Shopkeepers think that the decision taken last week by the Meat Merchants Welfare Association (MMWA) to restrict the sale of meat in the evening will somehow help control the shortage of meat and satisfy the daily consumption demand. But market people doubt if this move can achieve the desired results as people may buy meat in bulk during mornings and afternoons.
Meat dealers say that banners have been placed in major meat markets instead of small ones, asking consumers to make purchase before 5.00pm. Office-bearers of the MMWA have started visiting markets to monitor the sale. They say the markets have been facing an acute shortage of live animals for the past two years. The situation has now become grave and the government has yet to take any decision on the export and smuggling of meat.
The price of beef has gone up by Rs20-30 per kg in two years, and the mutton price has increased by Rs50 per kg in the same period.
Meat sellers are charging Rs110 per kg for bachia meat (boneless), while meat with bones is now being retailed at Rs85 per kg. In some markets it is being sold at Rs90 per kg.
Meat without bones (big cow) is being sold at Rs100-110 per kg and the rate of meat with bones is Rs80-85 per kg. Mutton is now selling at Rs160 per kg, while in the posh areas retailers are charging Rs170 per kg.
Meat merchants have been urging a ban on the export of live animals and meat, and a check on the huge smuggling of live animals and meat into neighbouring countries, so that the market prices could stabilise.
“We are highly perturbed by the smuggling of live animals in large numbers to Iran and Afghanistan. This is the main cause of the shortage and the high prices,” a meat merchant said, also attributing the shortage to the export of meat.
An Export Promotion Bureau (EPB) official told Dawn that the export of meat preparations had risen by 164 per cent between July 2002 to March 2003, to $6.03 million as compared to $2.28 million in the same period of the last fiscal year.
Saudi Arabia and Dubai are the main buyers of beef, mutton and sheep meat. “The export of meat preparations is expected to reach $12-13 million by the end of 2003,” said the EPB official.
A live-animal exporter denies that the prices are going up due to export, but accepts that that live animals are being smuggled to Iran and Afghanistan.
“Last month the government laid down several procedures and rules under which exporters have to seek the NOC from the ministry of food, agriculture and livestock for the export of live animals. This new procedure has already disappointed the exporters and hampered the export,” he said, and added that butchers and wholesalers had raised the prices on the pretext of shortage of animals.

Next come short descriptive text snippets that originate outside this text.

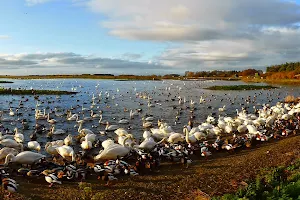 WWT Martin Mere image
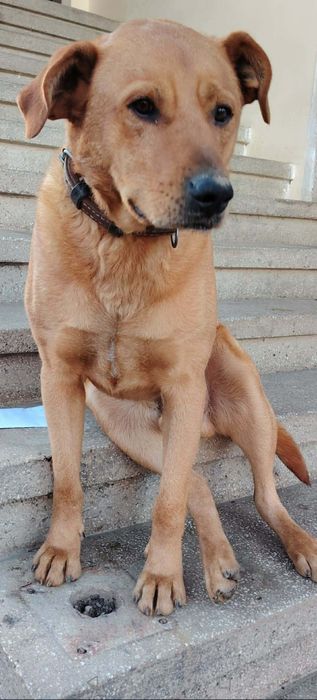 Donez animal de companie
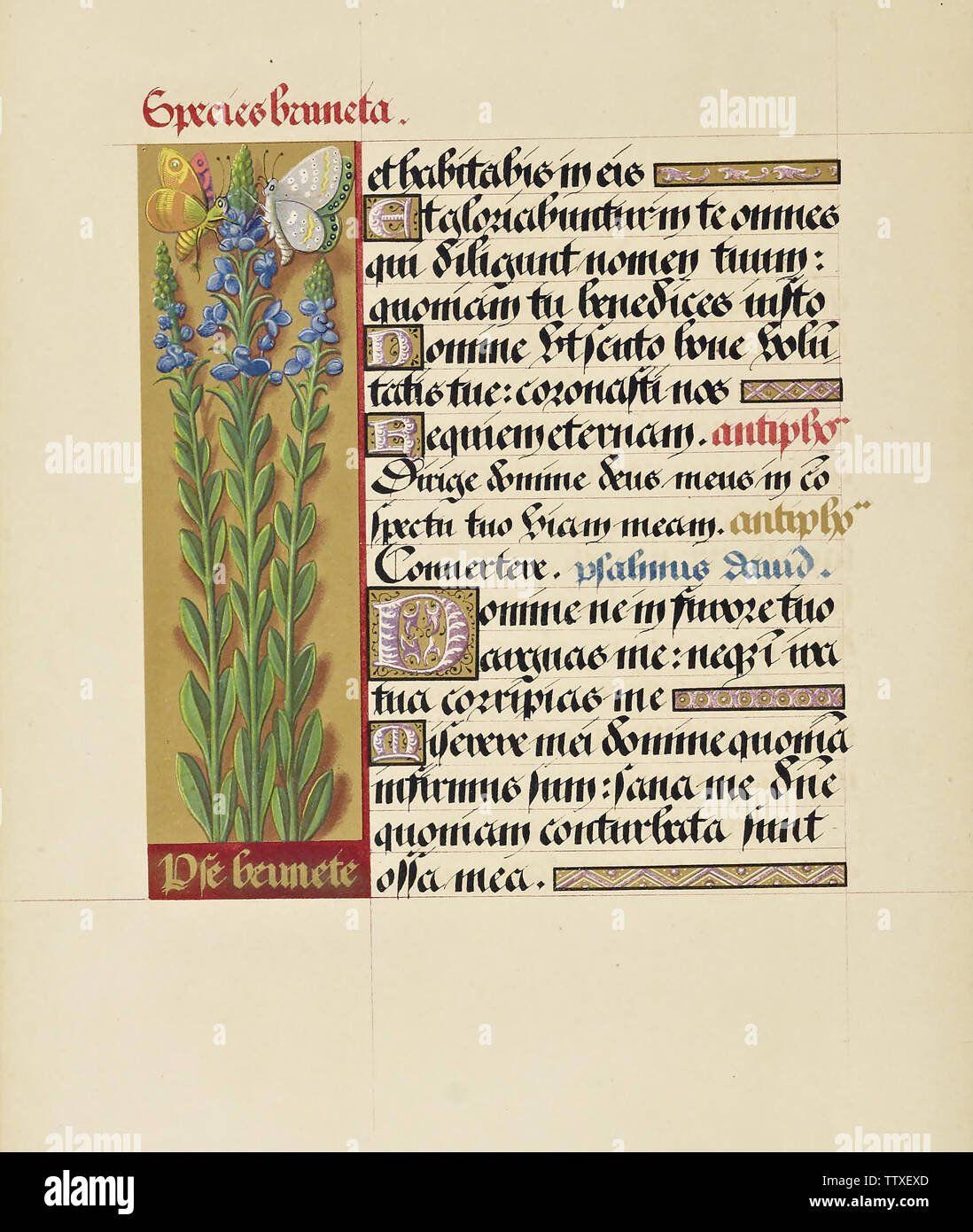 Manuscript booknuscript book Stock Photo - Alamy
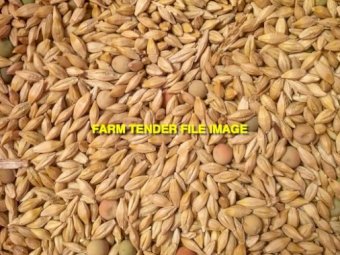 WANTED Organic Grain Mixes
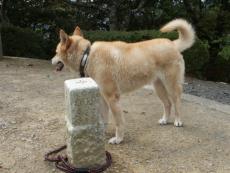 ���R�̎O�p�_�W��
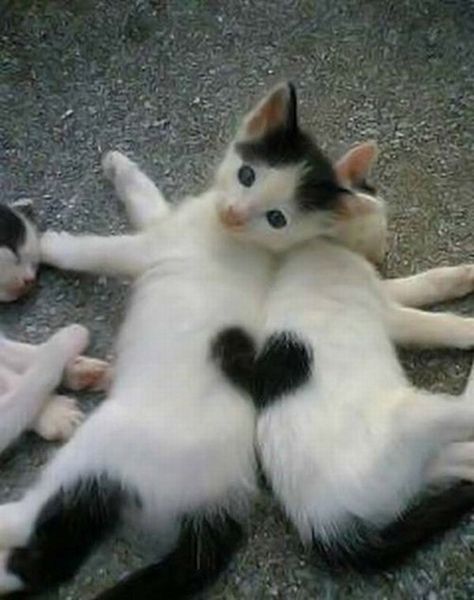 cats_with_fur_hearts_01.jpg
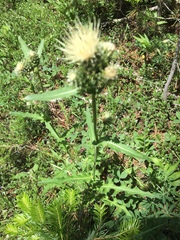 Cirsium remotifolium
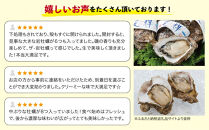 鳥取賀露港&nbsp;天然岩がき「夏輝」セット【かねまさ・浜下商店】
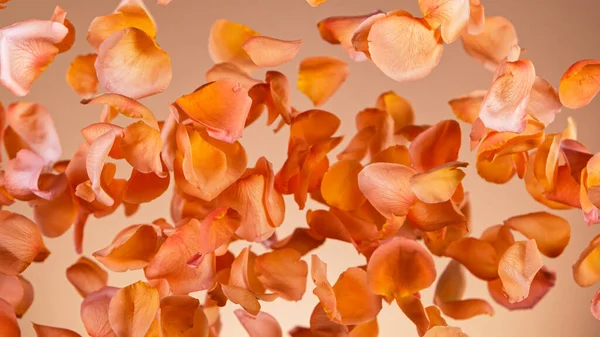 飛行するバラの花びらの凍結運動. — ストック写真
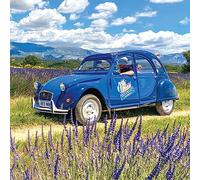 Smartbox - Coffret Cadeau - Balade Vintage en 2 CV dans Les Champs de Lavande et Visite de distillerie - idée Cadeau Originale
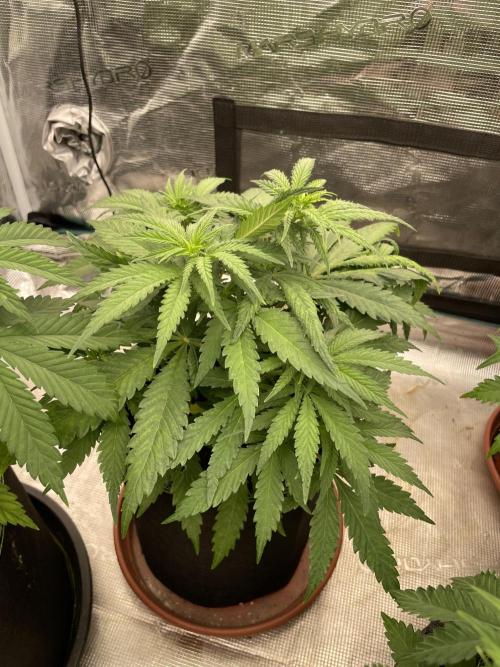 Sugar black rose 🥀. Week 6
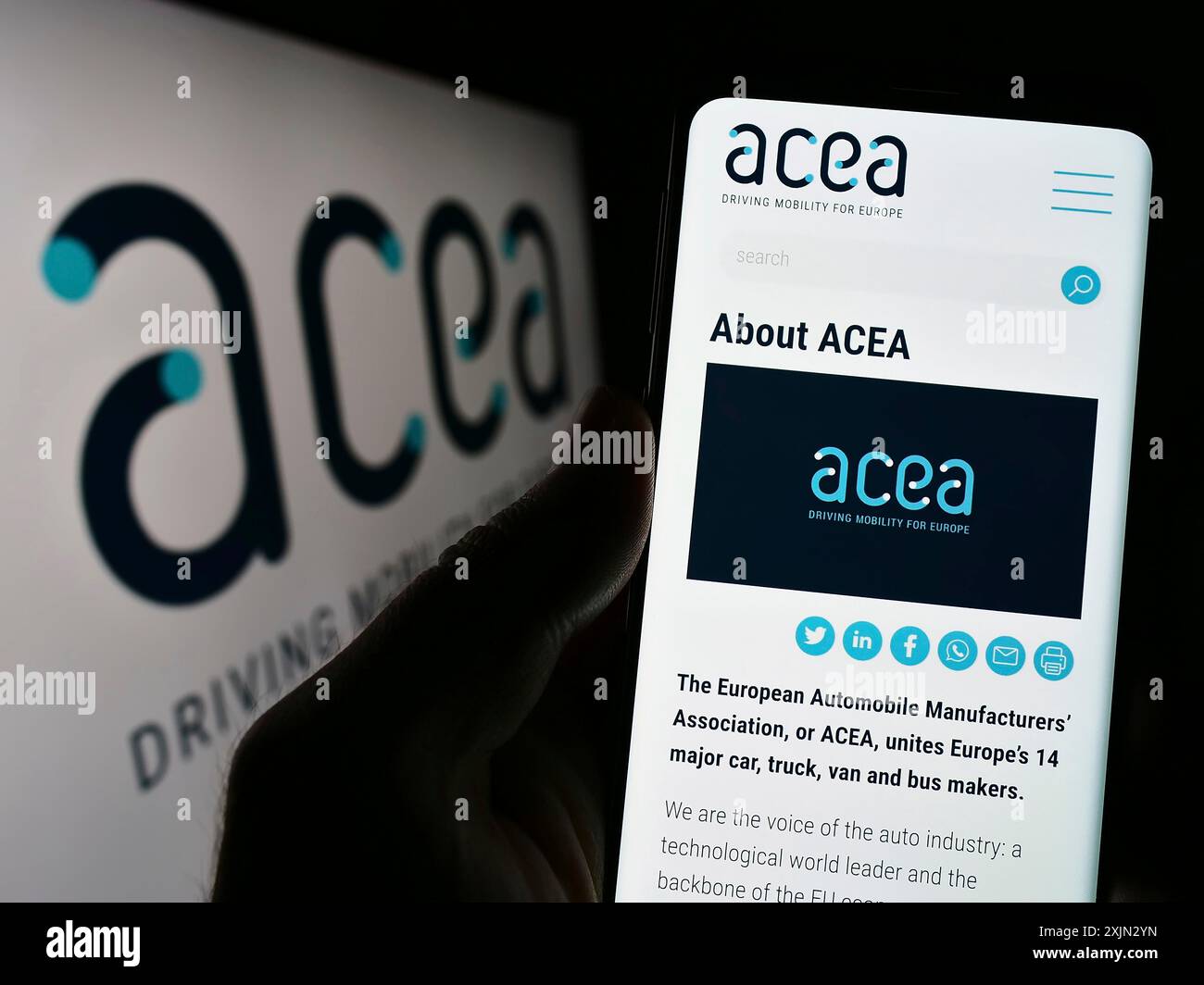 Stoccarda, Germania, 03-12-2023: Persona che detiene il cellulare con sullo schermo il sito web dell’Associazione europea dei costruttori di automobili (ACEA). Concentrati su Foto Stock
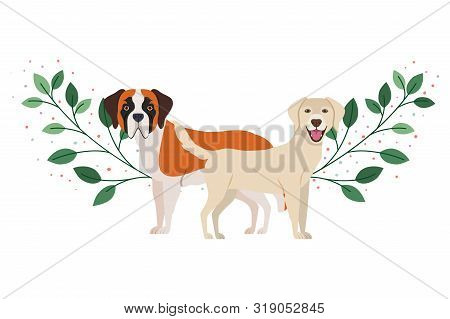 Cute And Adorable Dogs On White Background Vector Illustration Design
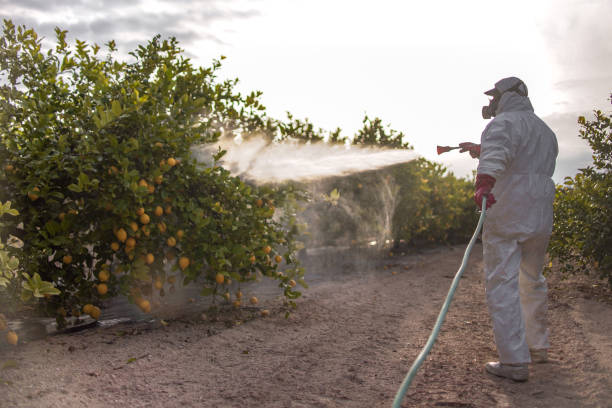 Pest Control for Restaurants in St Marys, GA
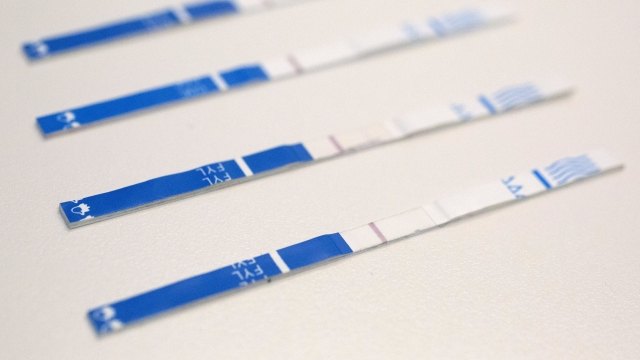 An arrangement of fentanyl test strips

Meat merchants are of the view that the markets are actually faced with the consequences of the closure of the Sindh-Rajhistan border in January 2002, as 40-50 per cent of the meat demand used to be catered for with the animals smuggled from India through that border. The problem has been further intensified by the export of animals and meat, according to Sikandar Iqbal, joint secretary of the MMWA.